» DIRECTIONS
Exact reproduction required: the lines below from the line with "17 Oakwood Road, Cape Elizabeth, ME 04107" to the line with "Used Volvo S60", both ends included, and no others.

» ENTRIES SUPPLIED

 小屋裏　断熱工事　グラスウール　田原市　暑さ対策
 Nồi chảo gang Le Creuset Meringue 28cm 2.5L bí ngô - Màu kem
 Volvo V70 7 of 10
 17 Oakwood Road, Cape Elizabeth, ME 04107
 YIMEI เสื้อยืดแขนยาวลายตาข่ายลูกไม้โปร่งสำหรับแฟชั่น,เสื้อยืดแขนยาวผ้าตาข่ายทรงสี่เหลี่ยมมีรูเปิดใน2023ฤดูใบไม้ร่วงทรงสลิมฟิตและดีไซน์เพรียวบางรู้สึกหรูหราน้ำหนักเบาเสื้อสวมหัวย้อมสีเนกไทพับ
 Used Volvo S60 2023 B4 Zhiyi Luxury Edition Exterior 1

* * *

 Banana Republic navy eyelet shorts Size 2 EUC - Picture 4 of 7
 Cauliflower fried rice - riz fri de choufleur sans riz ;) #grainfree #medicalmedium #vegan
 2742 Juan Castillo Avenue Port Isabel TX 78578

» ANSWER FOR THIS EXERCISE
 17 Oakwood Road, Cape Elizabeth, ME 04107
 YIMEI เสื้อยืดแขนยาวลายตาข่ายลูกไม้โปร่งสำหรับแฟชั่น,เสื้อยืดแขนยาวผ้าตาข่ายทรงสี่เหลี่ยมมีรูเปิดใน2023ฤดูใบไม้ร่วงทรงสลิมฟิตและดีไซน์เพรียวบางรู้สึกหรูหราน้ำหนักเบาเสื้อสวมหัวย้อมสีเนกไทพับ
 Used Volvo S60 2023 B4 Zhiyi Luxury Edition Exterior 1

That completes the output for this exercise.